Sen. Murkowski makes case for nuclear reactors
One of Alaska's U.S. senators has put her support behind nuclear energy, saying the nation needs more advanced reactors.
This week, the Washington Examiner published an op-ed written by Sen. Lisa Murkowski, making a case for boosting the nuclear energy industry in the United States to grow the economy, strengthen national security, and mitigate climate change.
"We are losing a major source of clean, always-on energy at a time when U.S. electricity needs are forecast to grow 29 percent by 2040,” Murkowski wrote. “Russia, China, and South Korea have now surpassed us, and state-owned corporations are undercutting the United States in both price and time to market.”
Murkowski, the chair of the Senate Energy and Natural Resources Committee, recently co-sponsored legislation to renew America’s nuclear power leadership.

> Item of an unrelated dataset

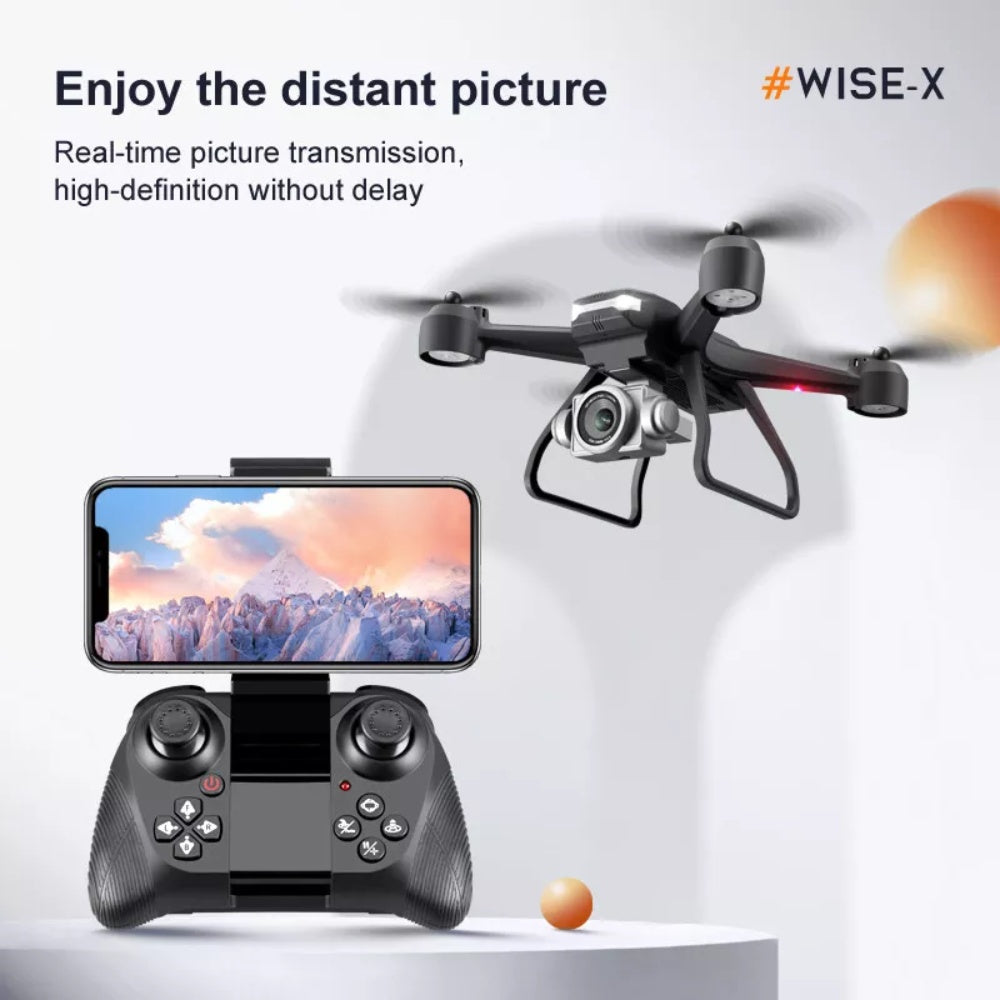 Shop 4DRC V14 Professional Drone 6K HD Dual Camera Wifi FPV Portable RC Quadcopter 2 BATTERY,Drones Suitable For Adults & Beginners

S. 3422, the Nuclear Energy Leadership Act (NELA) will enable the federal government to partner with industry and research institutions to help boost nuclear energy innovation.

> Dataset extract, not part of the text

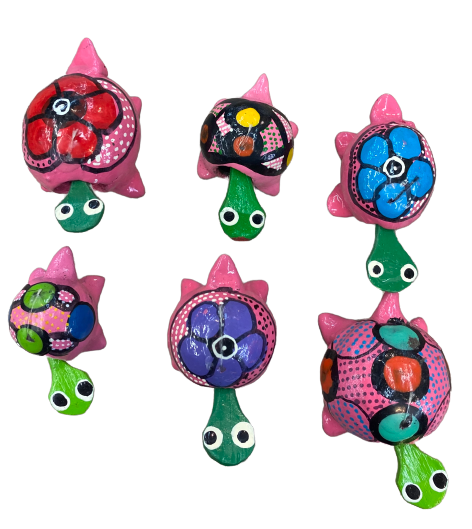Loose neck turtle/wobble head turtles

According to the committee, advanced nuclear reactors offer great promise in the search for clean, safe, and reliable power sources to meet national and global demand.
Much of Alaska’s nuclear past is intertwined with its history as a strategic front in the nation’s Cold War-era defense.

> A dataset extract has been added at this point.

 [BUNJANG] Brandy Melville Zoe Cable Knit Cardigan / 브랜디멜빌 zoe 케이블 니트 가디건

In the late 1950s, the U.S. Atomic Energy Commission’s proposed Project Chariot would have gouged a deep-water harbor out of Alaska’s coastline near Cape Thompson using a nuclear blast. The Nike Hercules surface-to-air missiles deployed near Anchorage from 1959 to 1979 also relied on tactical nuclear warheads intended to detonate amid groups of incoming Soviet bombers, according to the Nike Historical Society.
In 2003, Japanese company Toshiba and the city of Galena began discussing putting in a nuclear reactor power plant to provide to the island with power.
According to a Fairbanks News-Miner article, traditional nuclear power plants have more than 1,000 megawatts of electricity, more than Fairbanks and Anchorage use combined. Toshiba's plan to build a 10-megawatt reactor was stalled, however, and the company never began the U.S. Nuclear Regulatory Commission approval process.
The News-Miner reports that an Army Corps of Engineers team is planning on decommissioning the only nuclear power plant ever built in Alaska, Fort Greely’s SM-1A plant.